Petrofac Limited is a British international energy services company that designs, builds, manages and maintains oil, gas, refining, petrochemicals and renewable energy infrastructure, and trains the people who support them. It operates in a range of markets from design to decommissioning. It is registered in Jersey (number 81792), with its main corporate office on Jermyn Street, London. It has 7,950 employees across more than 30 offices globally. It was for a time in the FTSE 100 Index. In October 2025 the Petrofac holding company filed for bankruptcy protection administration.

==History==
The company was established as a producer of a modular plant in Tyler, Texas, United States in 1981. It was first listed on the London Stock Exchange in 2005. In 2010, it bought a 20 percent share in the Gateway storage scheme, an undersea cavern for gas storage. In November 2013, Petrofac and the Italian oil firm Bonatti partnered on a $650 million joint venture with Sonatrach to develop new separation and booster compression facilities, extending the life of the Alrar gas field in south-east Algeria. In November 2014, the company issued a profit warning, saying that profit for 2015 would fall by 25%, as slowing demand in China and abundant US output cut the oil price.

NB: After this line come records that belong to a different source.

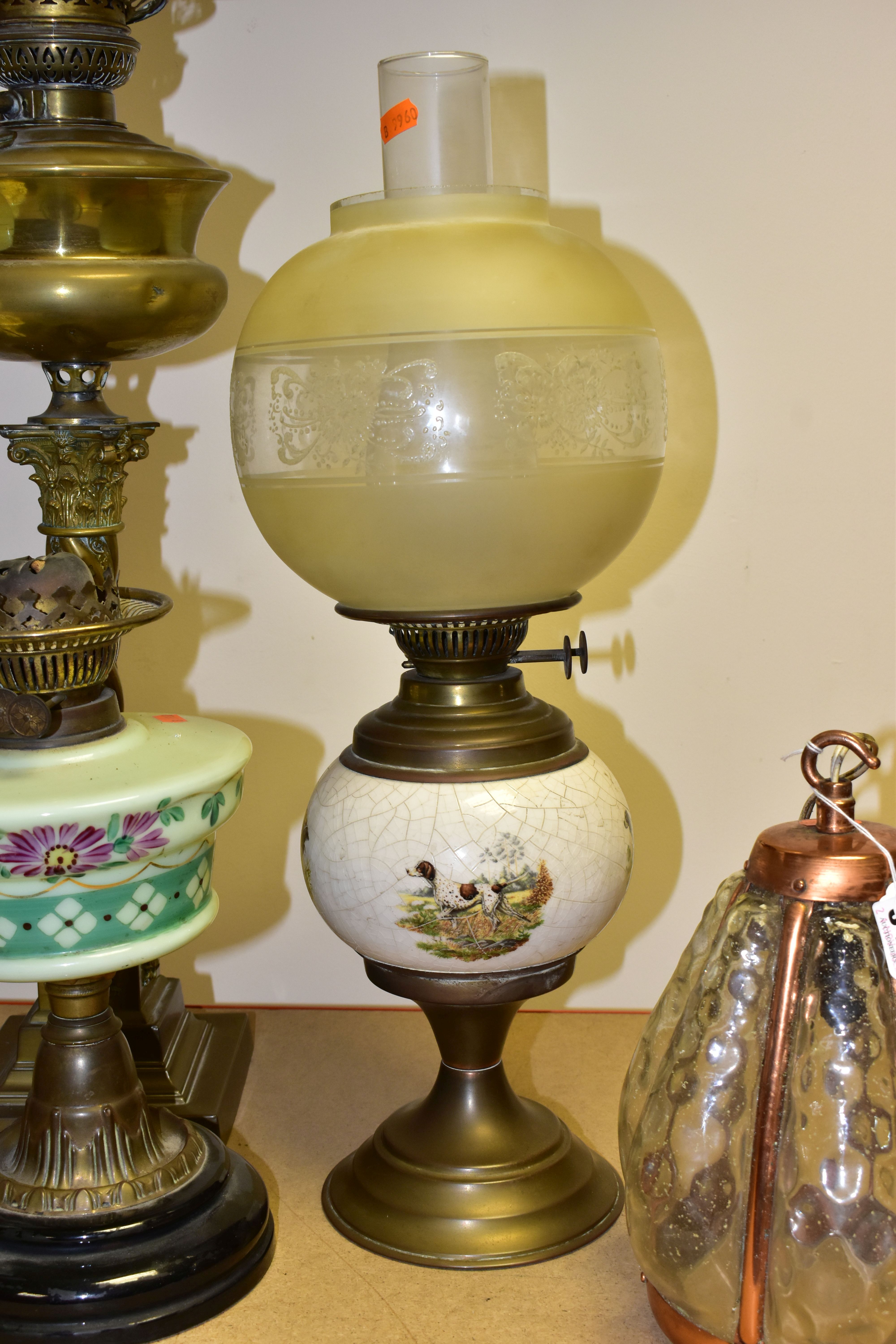 FOUR VICTORIAN OIL LAMPS, comprising an Eltex oil lamp with a brass base and fittings a white - Image 8 of 11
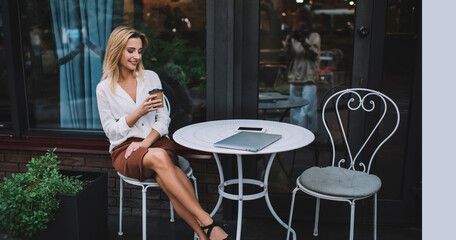 Charming lady with coffee to go in sidewalk cafe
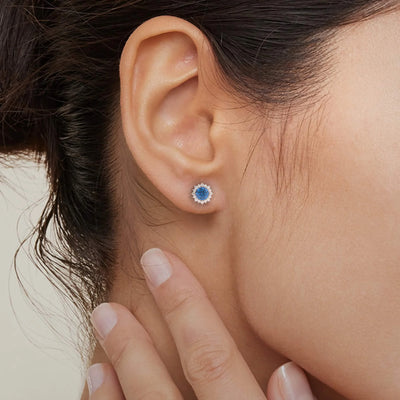 Blue sapphire and moissanite halo earrings in gold finish
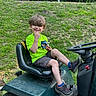 Jasper joined the competition — help win amazing prizes! child, boy, smiling, green_shirt, shorts, sneakers, riding_mower, seat, outdoor, grass, nature, sunny_day, happy, playful, snack, hair, fence, metal_rail, steering_wheel, casual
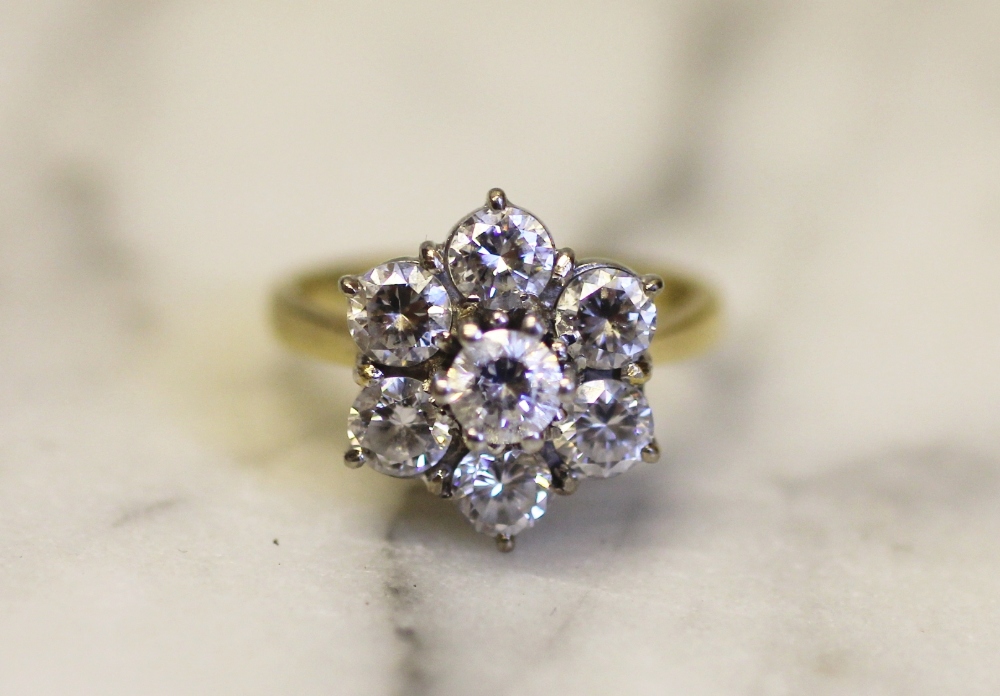 A seven stone diamond cluster ring, - Image 2 of 2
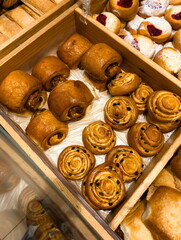 Freshly baked pastries displayed in a wooden box at a bakery, capturing the essence of morning...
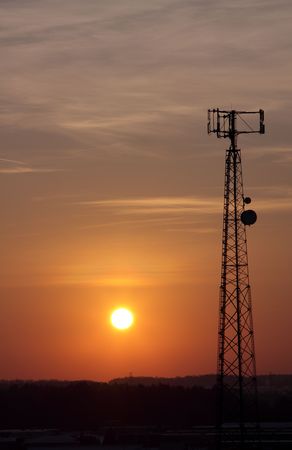 The silhouette of a cell phone tower shot against the orange cast of the setting sun.の写真素材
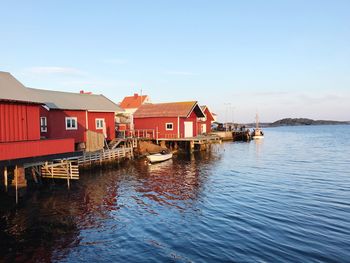 Houses by sea against sky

In January 2021, a former Global Head of Sales at Petrofac Ltd., which serves the British energy industry, pleaded guilty to charges related to bribery. The UK Serious Fraud Office confirmed that David Lufkin offered and paid around $30 million to win United Arab Emirates contracts worth $3.3 billion for Petrofac between 2012 and 2018. The guilty plea included 11 other charges of bribery, where Lufkin made corrupt offers to influence contract awards of more than $3.5 billion in Saudi Arabia, and over $730 million in Iraq. In October 2021 Petrofac was fined £77m for seven charges of failing to prevent bribery in the Middle East.

In April 2024, the company announced that, because of ongoing financing discussions, its financial results would be delayed to the end of May 2024, and in the meantime, its shares would be suspended. The results were announced on 31 May 2024, and trading in the shares resumed on 4 June 2024.

In May 2025, because of an ongoing restructuring, it again failed to file its financial results on time, and its shares were again suspended.

In October 2025, the company announced the termination of a contract with TenneT to build wind turbines off the Netherlands coast. Subsequently the Petrofac holding company, which apparently has debts approaching $4 billion, filed for administration, though this did not apply to its operating companies which continued operation.

In December 2025, it was announced that Petrofac had agreed to sell its UK-based Asset Solutions business to the US company, CB&I following Petrofac’s entry into administration earlier that year. The transaction, subject to creditor approval, would transfer the Asset Solutions division and its workforce to CB&I, where it is expected to operate as part of a new global business unit based in Aberdeen.